Jesse Horton was born in Bermuda in 1980 to parents Walter and Peggy Horton. This was a place where he grew up fishing for dinner and everyone on the island knew everyone else.  The Horton family eventually moved to Colorado, exchanging the turquoise waters and pink sand beaches of Bermuda for snow and high mountains. This exposed Jesse to a whole new world where bears replaced sharks, and Porcupines replaced puffer fish. Everything was different to what he had known. With a father like Walter Horton, no frontier would be left unexplored for long. Jesse and his brother Ben soon became as comfortable in the cold mountains as in the tropics.

The exposure to different worlds and cultures didn’t stop there. Jesse has spent considerable time living in Central America and Oceana as well as having traveled to a long list of places occupying the far corners of the globe. These experiences are part of what comes out in Jesse’s creative works. A diverse life has created a diverse field of artwork. Although sculpting is the family tradition, getting behind a lens underwater was where things really started.

Jesse has over 100 individual submarine dives to anywhere from 300ft to 1500 ft, but not just as a passenger.  He became a pilot for small submersibles, exploring and filming a wide range of diverse subjects, everything from whale sharks to small invertebrates still unknown to science. The ocean remains Jesse’s first home and the one he still works to showcase through his cameras and his artwork. His works have been published through National Geographic, BBC, Discovery Channel, ESPN, and more. It was after his father’s passing, though, that sculpting took on a new meaning for him.

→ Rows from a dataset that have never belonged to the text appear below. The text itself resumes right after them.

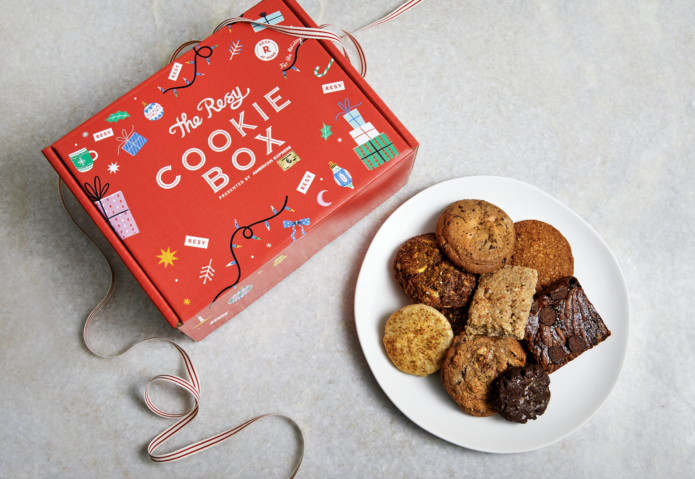 Resy Cookie Box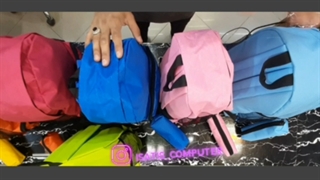 کوله پشتی مدرسه ای و لپ تاپ 2022 در ایساتیس کامپیوتر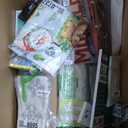 Box with Mixed Items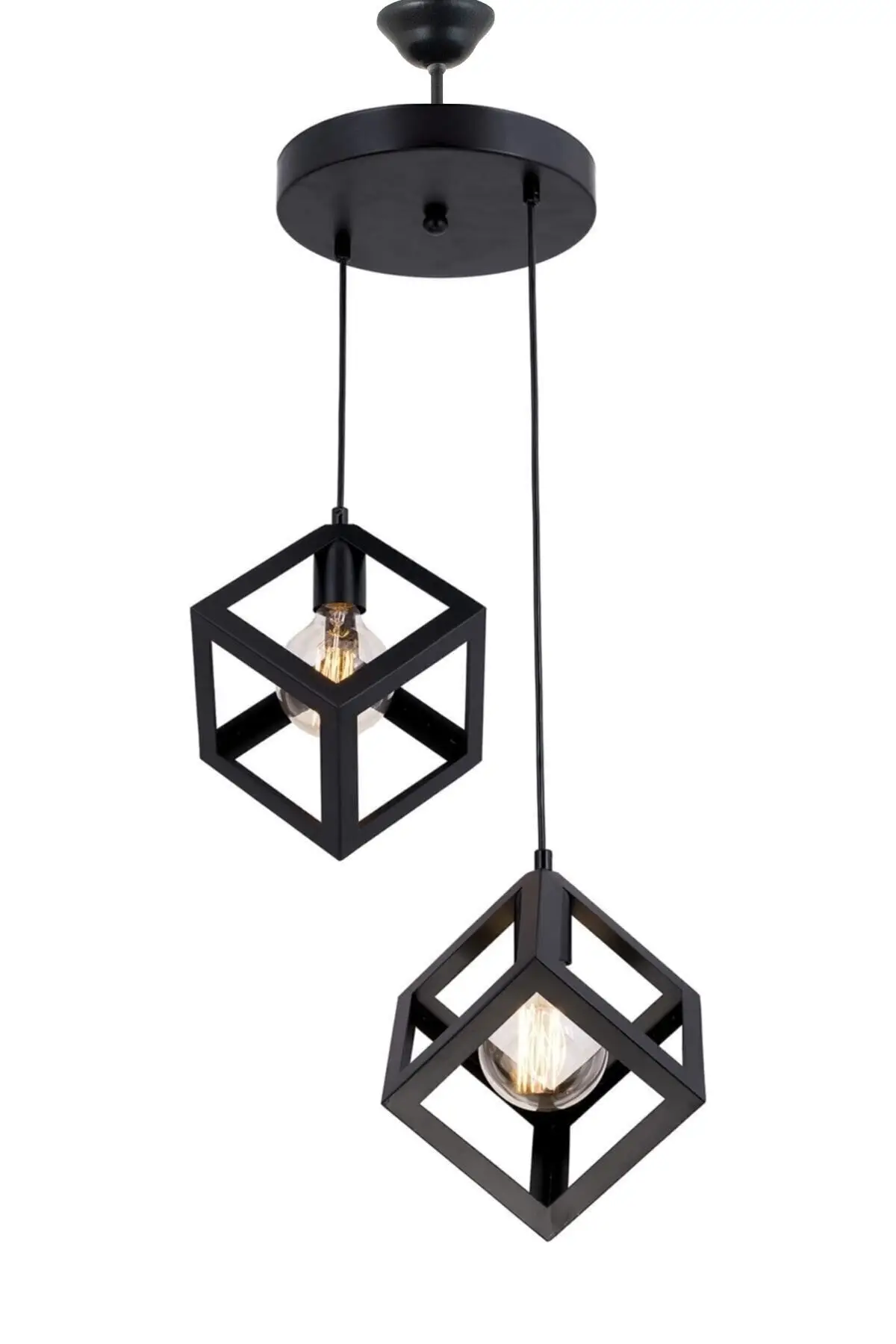 Деревенский Ретро узор геометрический Sarkit люстра с металлической чашкой 
Деревенский Ретро узор геометрический Sarkit люстра с металлической чашкой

Jesse grew up in an environment where he watched his father create for the simple love of expression. No question was too simple or too silly. Walter taught his sons that anything is possible, and that is how they approach life to this day, with tenacity and curiosity. Jesse’s bronze art reflects a life of travel and observation. His pieces attempt to make the observer have a connection to a place far away, and sometimes make them smile as his father’s works do so famously. Clay can be molded in a way that tells a story, and captures an emotion. Jesse attempts to do just that.